Hommage à Benoît GROSDIDIER, qui nous a quitté en ce début d'août 2023

Hommage à Benoît GROSDIDIER, qui nous a quitté en ce début d'août 2023

Date: 
Mardi, 15 Août, 2023


J’ai à cœur de dire quelques mots pour rendre hommage à Benoit en tant que directeur du laboratoire de recherche au sein duquel Benoit exerçait. Lui et moi faisions partie de la même équipe de physique de l’Unité, ce qui m’aide à cerner un peu le contenu de ses activités de recherche, dont je voudrais qu’il soit question ici. Tout simplement parce qu’elles représentaient une grande partie de la vie de Benoit, je crois. De fait, Benoit a maintenu une production scientifique régulière de haut niveau tout au long de sa carrière, et cela jusqu’à présent, malgré divers revers de fortune et de graves problèmes de santé survenus ces dix dernières années.

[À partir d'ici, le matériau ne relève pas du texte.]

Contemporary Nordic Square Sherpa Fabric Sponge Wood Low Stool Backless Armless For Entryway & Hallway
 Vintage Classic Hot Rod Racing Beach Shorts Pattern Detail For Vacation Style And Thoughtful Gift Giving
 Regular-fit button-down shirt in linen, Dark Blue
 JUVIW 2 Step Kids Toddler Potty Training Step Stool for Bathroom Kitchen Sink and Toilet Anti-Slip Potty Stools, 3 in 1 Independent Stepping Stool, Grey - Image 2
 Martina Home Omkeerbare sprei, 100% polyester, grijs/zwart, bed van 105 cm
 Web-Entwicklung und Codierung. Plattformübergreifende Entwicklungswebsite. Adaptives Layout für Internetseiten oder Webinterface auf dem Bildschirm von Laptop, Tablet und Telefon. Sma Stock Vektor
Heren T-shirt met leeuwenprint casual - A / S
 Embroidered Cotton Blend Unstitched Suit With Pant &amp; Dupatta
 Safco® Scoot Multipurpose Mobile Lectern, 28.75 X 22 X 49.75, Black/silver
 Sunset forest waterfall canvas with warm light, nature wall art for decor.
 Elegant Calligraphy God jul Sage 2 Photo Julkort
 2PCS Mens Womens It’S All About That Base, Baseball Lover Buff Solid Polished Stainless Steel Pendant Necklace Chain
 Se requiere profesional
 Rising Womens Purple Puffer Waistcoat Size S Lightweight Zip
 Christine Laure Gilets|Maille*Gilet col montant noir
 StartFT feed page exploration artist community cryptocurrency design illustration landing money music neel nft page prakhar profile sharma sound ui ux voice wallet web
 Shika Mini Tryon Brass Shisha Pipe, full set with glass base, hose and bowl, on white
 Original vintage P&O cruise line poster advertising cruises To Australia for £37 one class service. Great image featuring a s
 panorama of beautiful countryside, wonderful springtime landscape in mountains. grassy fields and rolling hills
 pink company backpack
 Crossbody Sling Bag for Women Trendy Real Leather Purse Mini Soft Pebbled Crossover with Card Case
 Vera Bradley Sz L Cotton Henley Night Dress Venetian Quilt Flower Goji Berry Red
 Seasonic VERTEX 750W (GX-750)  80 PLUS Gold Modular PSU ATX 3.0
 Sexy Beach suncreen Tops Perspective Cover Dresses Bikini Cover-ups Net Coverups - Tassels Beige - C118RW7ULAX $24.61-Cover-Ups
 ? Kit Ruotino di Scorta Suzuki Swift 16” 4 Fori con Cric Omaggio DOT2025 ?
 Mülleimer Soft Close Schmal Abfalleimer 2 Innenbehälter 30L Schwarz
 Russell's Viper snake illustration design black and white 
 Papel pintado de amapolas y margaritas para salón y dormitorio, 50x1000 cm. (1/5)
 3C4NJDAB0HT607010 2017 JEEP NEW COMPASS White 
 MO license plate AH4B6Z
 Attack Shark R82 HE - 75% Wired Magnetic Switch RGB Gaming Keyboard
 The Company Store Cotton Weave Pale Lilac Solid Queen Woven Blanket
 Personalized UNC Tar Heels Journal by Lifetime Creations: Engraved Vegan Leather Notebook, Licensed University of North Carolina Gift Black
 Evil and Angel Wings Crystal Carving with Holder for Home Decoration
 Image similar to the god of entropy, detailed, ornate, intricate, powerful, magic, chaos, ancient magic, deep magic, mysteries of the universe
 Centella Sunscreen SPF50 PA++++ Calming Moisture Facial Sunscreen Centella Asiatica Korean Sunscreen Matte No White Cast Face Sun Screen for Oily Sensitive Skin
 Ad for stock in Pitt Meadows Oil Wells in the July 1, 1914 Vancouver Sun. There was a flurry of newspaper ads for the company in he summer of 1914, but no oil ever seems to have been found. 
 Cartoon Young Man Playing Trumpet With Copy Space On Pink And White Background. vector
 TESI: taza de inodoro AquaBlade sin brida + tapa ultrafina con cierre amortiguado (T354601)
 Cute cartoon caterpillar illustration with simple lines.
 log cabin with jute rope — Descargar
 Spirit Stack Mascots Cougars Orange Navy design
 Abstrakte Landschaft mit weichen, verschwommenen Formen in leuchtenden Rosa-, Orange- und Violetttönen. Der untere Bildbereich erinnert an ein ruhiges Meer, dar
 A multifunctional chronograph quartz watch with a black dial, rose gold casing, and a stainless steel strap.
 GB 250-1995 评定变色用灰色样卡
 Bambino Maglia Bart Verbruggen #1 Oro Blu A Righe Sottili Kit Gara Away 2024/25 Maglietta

Manifestement Benoit n’était pas carriériste. A ma connaissance il n’a jamais brigué aucune responsabilité, ni administrative, ni politique, ni pédagogique, ni scientifique, pourtant bien appréciées dans les dossiers d’avancement. On peut bien se demander, alors, ce qui poussait Benoit, quelle était la force motrice qui l’animait et l’amenait à passer ses journées la plupart du temps seul dans un bureau austère en face de son écran d’ordinateur pour faire avancer un axe de recherche quasi incommunicable aux non initiés, avec lui-même pour seul spectateur de sa propre progression au jour le jour ?

Il faut brièvement retracer son parcours pour avoir quelques éléments de réponse. De ce que je sais, Benoit était un pur produit du système académique : Etudes supérieures de physique débutées à l’Université de Metz, tout juste naissante alors, suivies d’une licence de physique, d’une maîtrise de Physique puis d’un DEA de Physique nucléaire à l’Université de Strasbourg où il a obtenu son doctorat dans la même discipline, physique nucléaire donc, avant d’être recruté à l’Université de Metz en tant qu’enseignant-chercheur en 1994. Au sortir de son doctorat, Benoit a le profil d’un théoricien en physique nucléaire.

Son rôle, en tant que physicien, est de « mettre un peu d’ordre dans la nature », en s’attachant pour cela, en tant que théoricien, à produire des modèles de comportement qui s’accordent à la réalité, éprouvée par l’expérience, menée à l’échelle sub-atomique dans le cas de la physique nucléaire. Tout cela ouvre un espace privilégié pour l’imagination et la créativité.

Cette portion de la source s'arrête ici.